Zwar kommt die Industrie da um Chemie kaum herum und nur wenige Bestandteile lassen sich durch nachwachsende Rohstoffe ersetzen, selbst wenn es auch da entsprechende Bestrebungen gibt, erläutert Benen. Doch zum Beispiel mit der Verkürzung der Lieferketten, mit nachhaltiger Prozessenergie und mit dem CO2-Eintrag als Auswahlkriterium für einzelne Bestandteile des Lacks lasse sich der Fußabdruck der Farbgebung durchaus verringern.

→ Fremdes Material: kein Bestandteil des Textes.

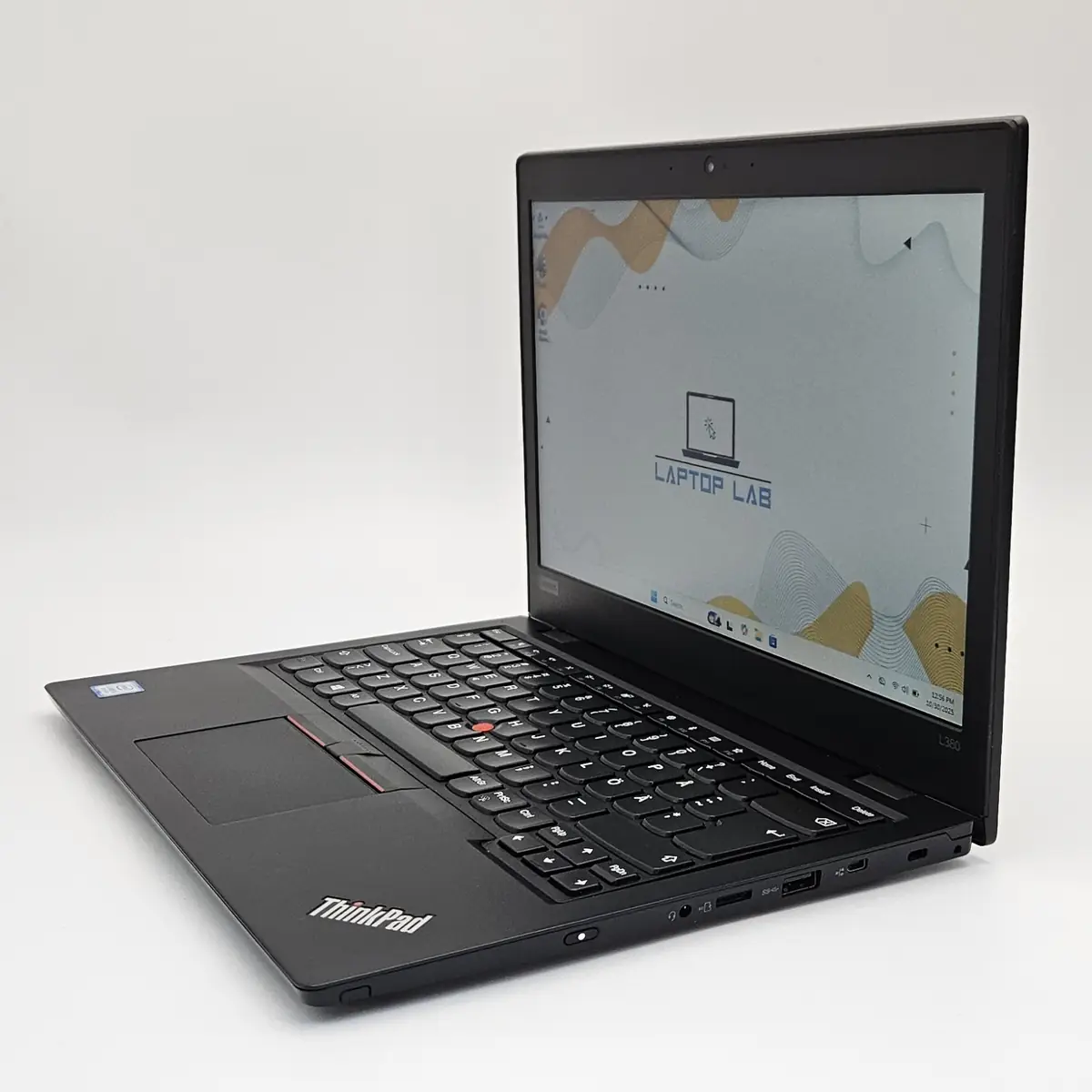 Laptop Second Hand Lenovo Thinkpad L380 - 13.3inch Intel I3-8130U 8GB RAM 128GB SSD Windows 11 Refurbished  [4]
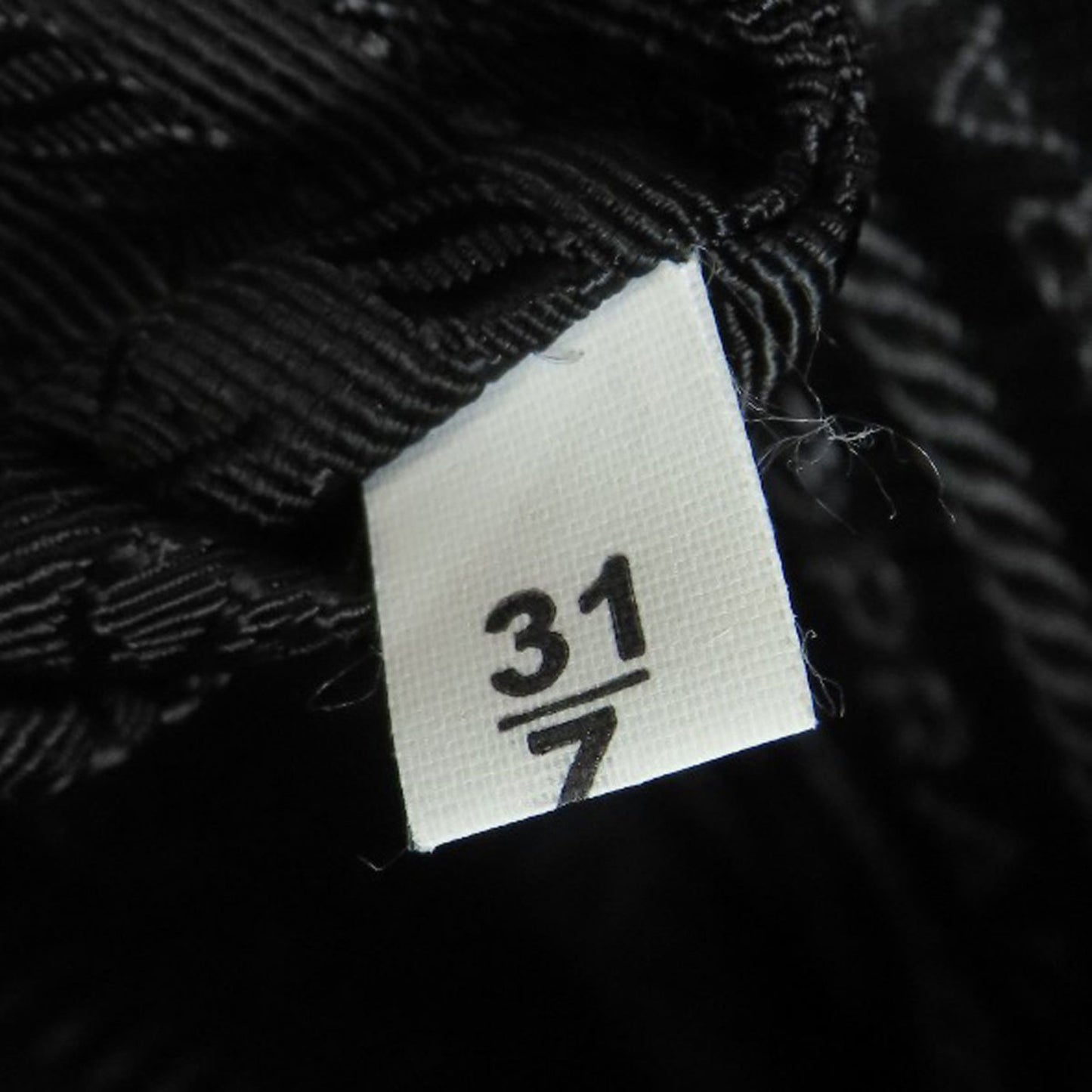 Prada 2-Way Handbag In Calfskin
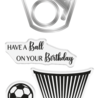 Crafter's Companion Footy Cupcakes Stamp & Dies (CC-MM-STD-FOOC) Crafter's Companion Footy Cupcakes Stamp & Dies (CC-MM-STD-FOOC)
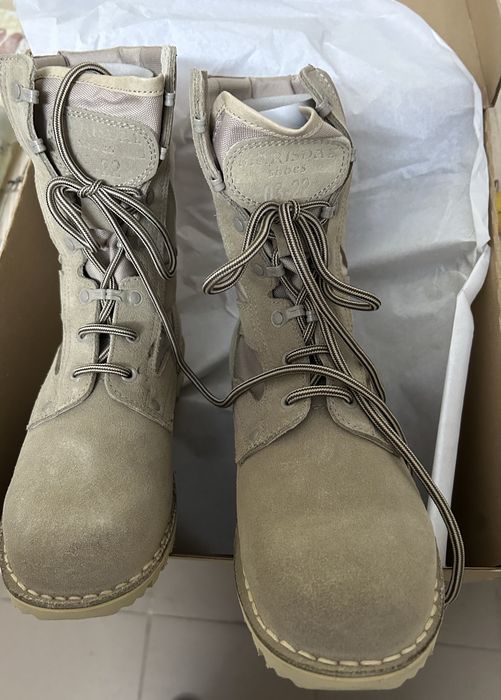 Bocanci militari de vara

Fast noch wichtiger als die Komponenten des Lacks sei aber dessen Verarbeitung, erläutert der Experte. Schließlich müssen die unterschiedlichen Schichten in der Lackieranlage der Autofabrik förmlich ins Blech eingebrannt werden. „Wenn da eine Schicht eingespart oder die Prozesstemperatur um ein paar Grad gesenkt wird, dann können übers Jahr signifikante Mengen CO2 eingespart werden“, sagt Benen.
Einen anderen Beitrag zur Nachhaltigkeit leistet die Industrie mit Lackschichten, die sich selbst reparieren können. Weil sich zumindest kleine Kratzer dabei unter der Wärme der Sonne von selbst wieder verschließen, muss nicht jedes lädierte Bauteil gleich neu lackiert werden, sagt BASF-Experte Matthijs Groenewolt, der an Klarlacken forscht. Das spart dem Kunden Geld und der Umwelt einen weiteren CO2-Eintrag.

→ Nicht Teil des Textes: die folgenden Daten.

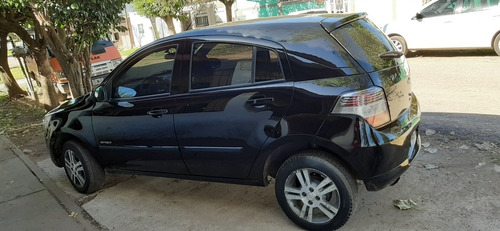 Chevrolet Agile Ltz Spirit 1.4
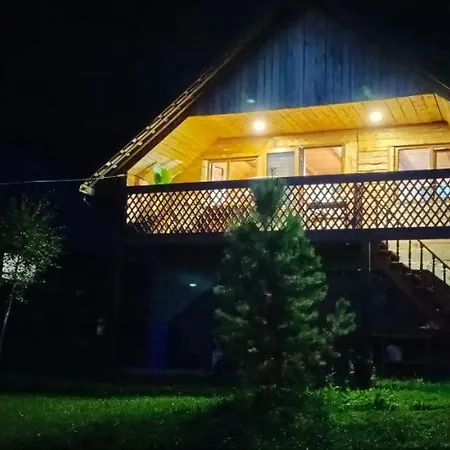 під горою * Scheschory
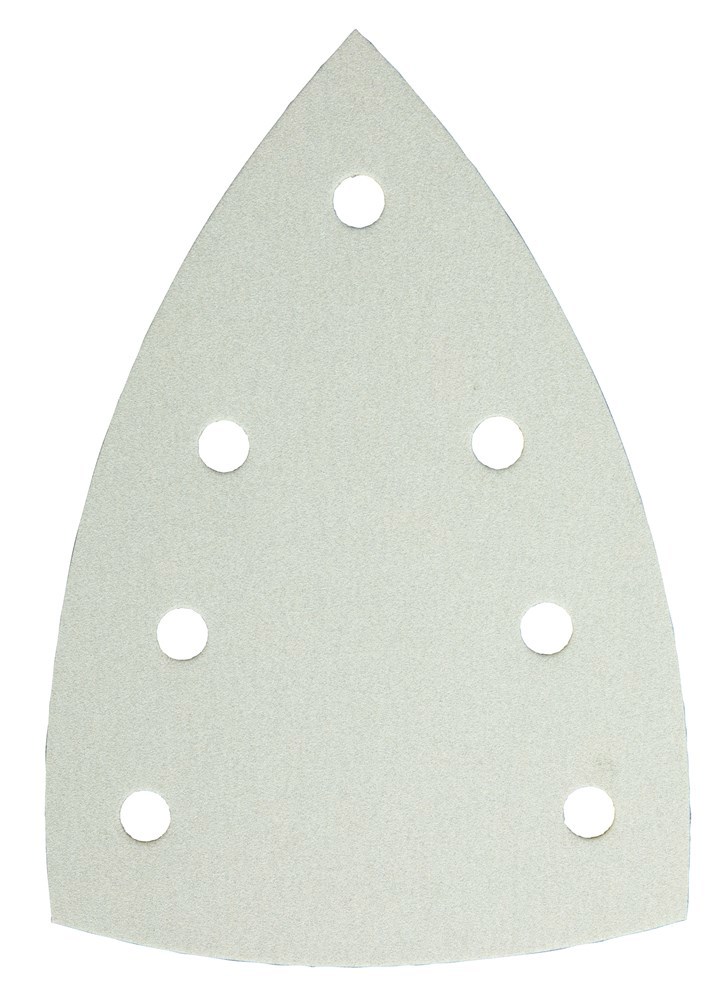 schuurpapier delta rood velcro makita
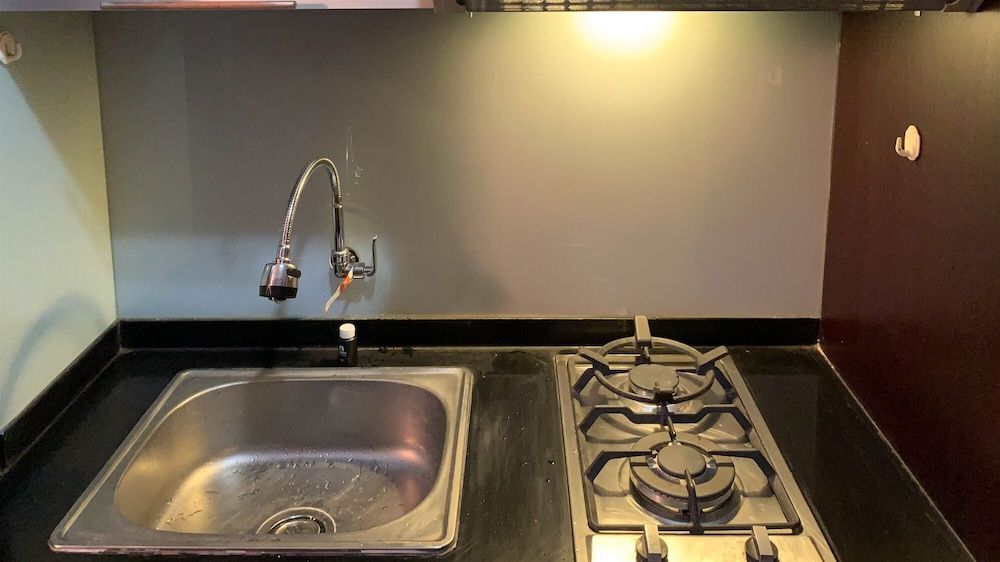 undefined Comfort And Minimalist 2Br At Maple Park Sunter Apartment 9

Farbwechsel klappt per Strom
Aber die Forscher in Münster müssen nicht nur dem wachsenden Bewusstsein für Nachhaltigkeit gerecht werden. Sondern auch ein zweiter Trend treibt sie um, obwohl der auf den ersten Blick gar nichts mit der Farbe zu tun hat, sagt Michaela Liese, die das Color Center Europe verantwortet: „Fahrerassistenzsysteme bis hin zum autonomen Fahren.“ Denn damit Autos irgendwann auch alleine den rechten Weg finden, setzen sie vor allem auf Lidar-, Radar- und Kameras. „Und die beiden Ersteren funktionieren bei manchen Farben besser und bei manchen schlechter“, erläutert die Expertin. Deshalb forscht sie an speziellen Lacken, die das Austreten der Wellen bei den Senderfahrzeugen möglichst wenig behindern, und an solchen, die sie bei den Empfängerfahrzeugen besonders gut reflektieren. „Und im Idealfall erfüllt ein Lack natürlich beide Eigenschaften, weil jedes Senderfahrzeug ja auch Empfänger sein kann und umgekehrt.“
VW war mit den Farbenspielen auf der CES nicht alleine, sondern BMW ist jetzt schon im zweiten Jahr mit einem Showcar gekommen, das die von elektronischen Büchern bekannte E-Ink-Technik nutzt. Konnten sie im vorigen Jahr allerdings nur zwischen Schwarz und Weiß umschalten, so gibt’s das Erlebnis diesmal auch in Farbe – und zwar in fast drei Dutzend unterschiedlichen Tönen und noch mehr Mustern. „Das Echo war so gewaltig, dass wir diesen Faden weiterspinnen wollten“, sagt Projektleiterin Stella Clarke: „So, wie man morgens seine Kleidung nach der aktuellen Stimmungslage auswählt, kann man dann auch die Farbe des Autos nach Lust und Laune wechseln und den Wagen so zum Ausdruck seiner Persönlichkeit machen.“
Auch dabei schwingt allerdings das Thema Nachhaltigkeit mit, sagt BMW-Entwicklungschef Frank Weber: Denn der Vorteil der E-Ink-Technologie ist, dass es den Farbwechsel energetisch nahezu zum Nulltarif gebe: „Wir brauchen nur zum Umschalten Strom, danach bleibt die neue Farbe von selbst.“ Egal ob Zitronengelb, Aubergine oder Erdbeerrot – auch Vision Dee ist deshalb im Grunde ein grünes Auto.